JP Morgan’s RiskMetrics Technical Document was released in four editions between 1994 and 1996. The first had limited circulation, being distributed at the firm’s 1994 annual research conference, which was in Budapest.1 It was the second edition, released in November of that year, that accompanied the public rollout of RiskMetrics. Six months later, a dramatically expanded third edition was released, reflecting extensive comments JP Morgan received on their methodology. While the second edition described a simple linear value-at-risk measure similar to JP Morgan’s internal system, the third edition reflected a diversity of practices employed at other firms. That edition described linear, Monte Carlo and historical transformation procedures. It also, perhaps for the first time in print, illustrated a crude method of backtesting.
Exhibit 14.1 is similar to a graph that appeared in that third edition. It depicts daily profits and losses (P&L’s) against (negative) value-at-risk for an actual trading portfolio. Not only does the chart summarize the portfolio’s daily performance and the evolution of its market risk. It provides a simple graphical analysis of how well the firm’s value-at-risk measure performed.
With a one-day 95% value-at-risk metric, we expect daily losses to exceed value-at-risk approximately 5% of the time—or six times in a six month period. We define an exceedance as an instance of a portfolio’s single-period loss exceeding its value-at-risk for that single period. In Exhibit 14.1, we can count ten exceedances over the six months shown.
Is this result reasonable? If it is, what would we consider unreasonable? If we experienced two exceedances—or fourteen—would we question our value-at-risk measure? Would we continue to use it? Would we want to replace it or modify it somehow to improve performance?
Questions such as these have spawned a literature on techniques for statistically testing value-at-risk measures ex post. Research to date has focused on value-at-risk measures used by banks. Published backtesting methodologies mostly fall into three categories:
- Coverage tests assess whether the frequency of exceedances is consistent with the quantile of loss a value-at-risk measure is intended to reflect.
- Distribution tests are goodness-of-fit tests applied to the overall loss distributions forecast by complete value-at-risk measures.
- Independence tests assess whether results appear to be independent from one period to the next.
Later in this chapter, we cover several backtesting procedures that are prominent in the literature. Because all have shortcomings, we also introduce three basic tests—a coverage test, a distribution test and an independence test—that we recommend as minimum standards for backtesting in practice.
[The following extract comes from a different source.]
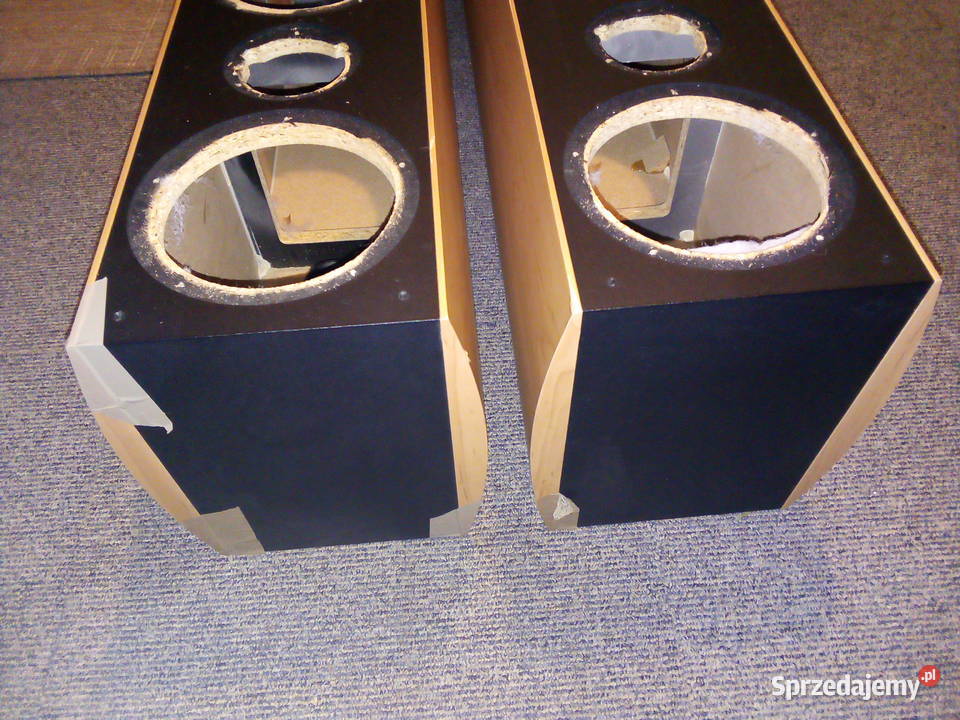kolumny skrzynki glosnikowe Warszawa sprzedam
The question arises as to which P&L’s to use in backtesting a value-at-risk measure. We distinguish between dirty P&L’s and clean P&L’s. Dirty P&L’s are the actual P&L’s reported for a portfolio by the accounting system. They can be impacted by trades that take place during the value-at-risk horizon—trades the value-at-risk measure cannot anticipate. Dirty P&L’s also reflect fee income earned during the value-at-risk horizon, which value-at-risk measures also don’t anticipate. Clean P&L’s are hypothetical P&L’s that would have been realized if no trading took place and no fee income were earned during the value-at-risk horizon.
The Basel Committee (1996) recommends that banks backtest their value-at-risk measures against both clean and dirty P&L’s. The former is essential for addressing Type A and Type B model risk. The latter can be used to assess Type C model risk.
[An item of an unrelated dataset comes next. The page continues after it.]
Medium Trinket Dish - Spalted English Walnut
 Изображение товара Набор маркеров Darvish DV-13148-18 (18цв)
Suppose a firm calculates its portfolio value-at-risk at the end of each trading day. In a backtest against clean P&L’s, the value-at-risk measure performs well. Against dirty P&L’s, it does not. This might indicate that the value-at-risk measure is sound but that end-of-day value-at-risk does not reasonably indicate the firm’s market risk. Perhaps the firm engages in an active day trading program, reducing exposures at end-of-day.
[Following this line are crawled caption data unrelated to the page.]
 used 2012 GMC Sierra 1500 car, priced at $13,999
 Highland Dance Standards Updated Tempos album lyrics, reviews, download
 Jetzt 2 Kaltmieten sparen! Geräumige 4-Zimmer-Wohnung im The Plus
Financial institutions don’t calculate clean P&L’s in the regular course of business, so provisions must be made for calculating and storing them for later use in backtesting. Other data to maintain are
- the value-at-risk measurements;
- the quantiles of the loss distribution at which clean and dirty P&L’s occurred (the loss quantiles), as determined by the value-at-risk measure. This information is important if distribution tests are to be employed in backtesting;
- inputs, including the portfolio composition, historical values for key factors and current values for key factors;
- intermediate results calculated by the value-at-risk measure, such as a covariance matrix or a quadratic remapping; and
- a history of modifications to the system.
The last three items will not be used in backtesting, but they could be useful if backtesting raises concerns about the value-at-risk measure, which people want to investigate. The third and fourth items could be regenerated at the time of such an investigation, but doing so for a large number of trading days might be a significant undertaking. Data storage is so inexpensive, there is every reason to err on the side of storing too much information.
A history of modifications to the value-at-risk measure is important because the system’s performance is likely to change with any substantive modification. Essentially, you are dealing with a new model each time you make a modification. We are primarily interested in backtesting the measure since its last substantive modification.